Alors que le géant allemand de la chimie et de la santé, Bayer, s'apprête à acquérir le fabricant de semences Monsanto, le monde de la gastronomie s’inquiète. De nombreux chefs, producteurs et citoyens dénoncent « l’invasion de l’agrochimie dans notre assiette ».
À l'approche de ce rachat, des figures emblématiques de la gastronomie comme Olivier Roellinger et Michel Bras ont signé une lettre ouverte dénonçant cette fusion. Rédigée par Franck Pinay-Rabaroust, rédacteur en chef du site d’information Atabula, cette lettre appelle à une mobilisation collective.
Les inquiétudes grandissent
Les deux géants, Bayer et Monsanto, bien connus pour leurs pratiques controversées, représentent un modèle d'agro-industrie où la taille prime sur l'éthique. Leur union, officialisée le 14 septembre 2016, soulève de réelles inquiétudes. Ensemble, ils détiennent presque 30 % des semences mondiales, exerçant ainsi un contrôle sans précédent sur la chaîne alimentaire. Franck Pinay-Rabaroust souligne : « Plus un groupe est puissant, plus son pouvoir est dangereux. » En unissant leurs forces, ils peuvent dicter aux agriculteurs quelles semences utiliser et quel traitement appliquer, établissant un véritable monopole.
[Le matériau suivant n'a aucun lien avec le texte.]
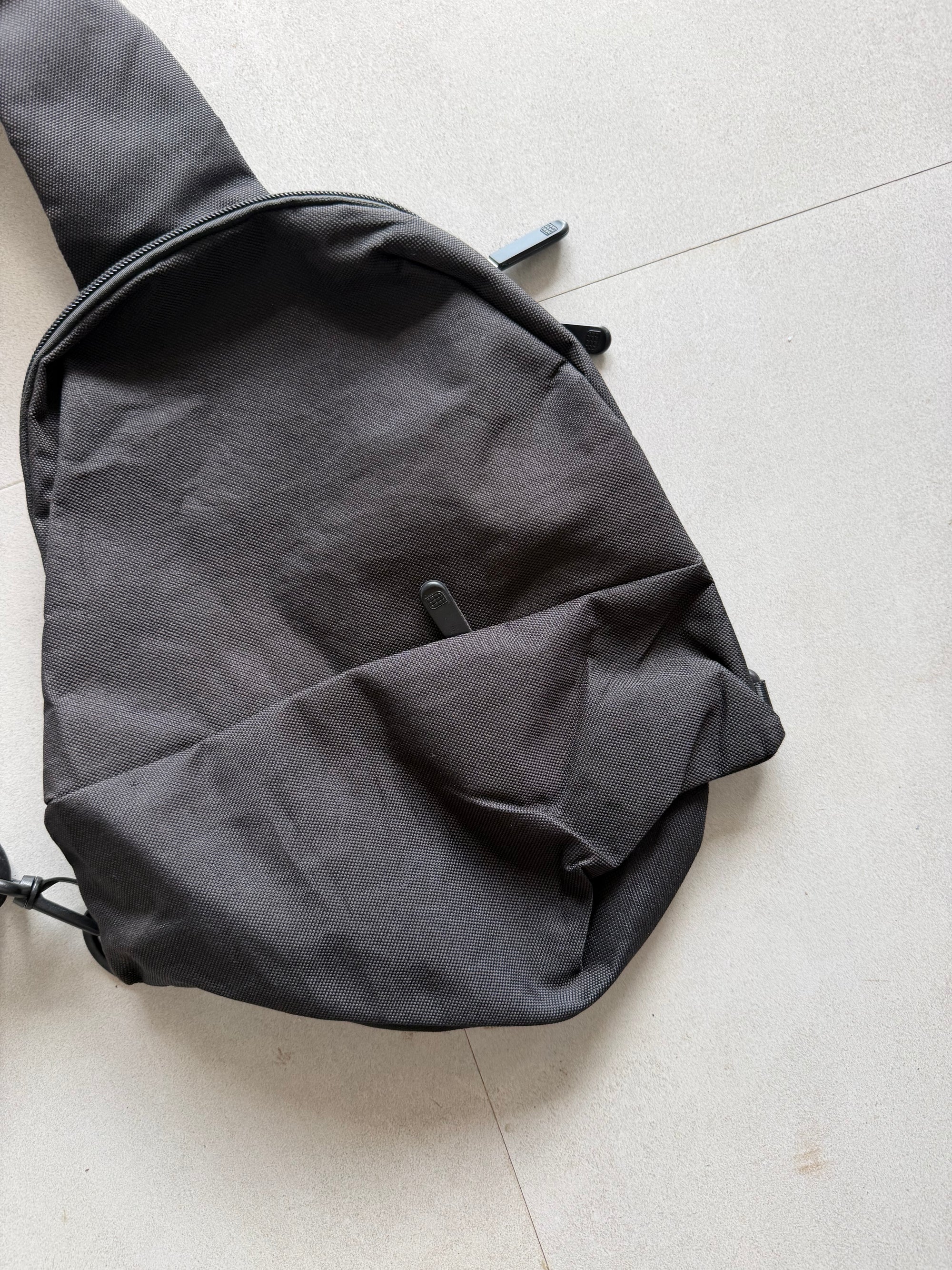 CROSS BODY BAG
Nadia Sammut, chef et chimiste de formation, appuie cette inquiétude : « Ce qui fait peur, c'est l'ampleur de leur pouvoir une fois unis. » Les chefs français, en tant que figures respectées de la gastronomie mondiale, cherchent à sensibiliser le grand public à ces enjeux. Olivier Roellinger a même déclaré dans une interview que sans leur mobilisation, « qui le fera ? »
Passé trouble des deux entreprises
Monsanto, fondée en 1901, est tristement célèbre pour son historique avec l'agent orange et les PCB, des substances toxiques. De son côté, Bayer, fondée en 1863, a également été au cœur de scandales concernant des médicaments dangereux. Bien que leur réputation respective varie, leur union alimente des préoccupations sérieuses sur l'avenir de la biodiversité et la santé des consommateurs. Franck Pinay-Rabaroust insiste sur le besoin urgent de préserver les valeurs fondamentales de l’agriculture durable.
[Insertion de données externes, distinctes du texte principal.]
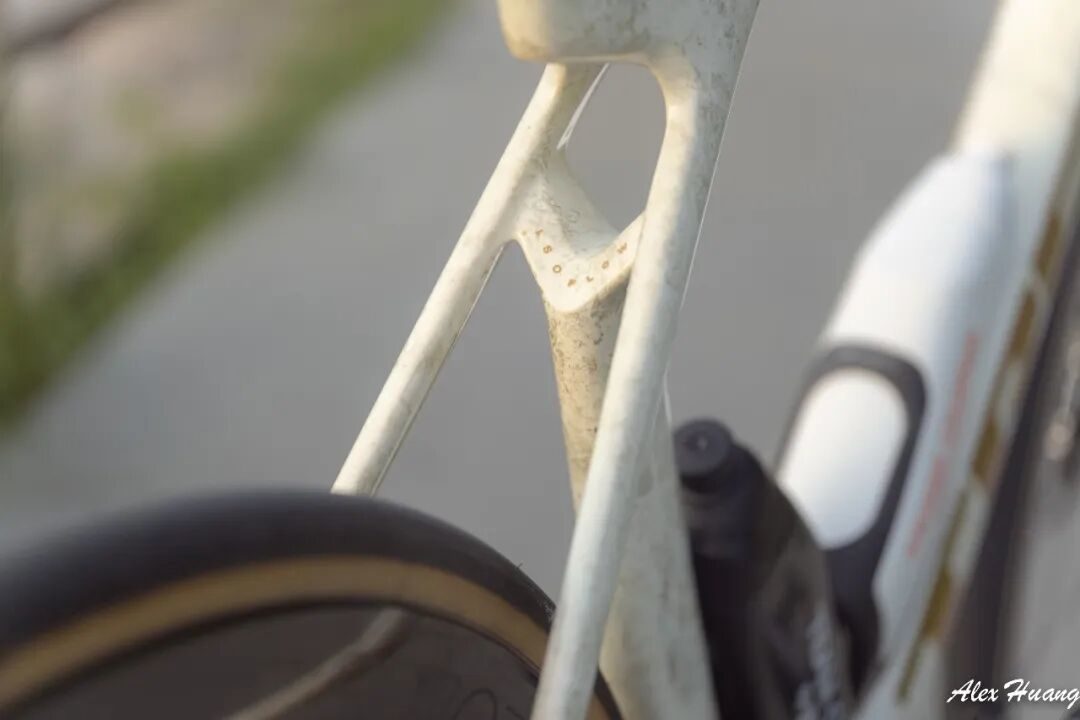 最值得买的顶级公路车?TREK 八代 Madone 评测 12 0513c6215864dfcfabaf057f105f976ebe75a134f6d7aa1ea37a686227fadff3 article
Une réponse à la surpopulation ?
Werner Baumann, le PDG de Bayer, justifie cette fusion par le besoin urgent de nourrir une population mondiale en croissance. Cependant, Nadia Sammut rétorque : « Nourrir oui, empoisonner non. » Des recherches démontrent que des méthodes agricoles naturelles, sans produits chimiques, peuvent être plus efficaces et bénéfiques pour la santé des sols et des consommateurs. Malgré ces craintes, les chefs et acteurs de la gastronomie insistent sur le fait qu'il sera toujours possible de bien se nourrir à condition de promouvoir des pratiques durables et de respecter la traçabilité des produits.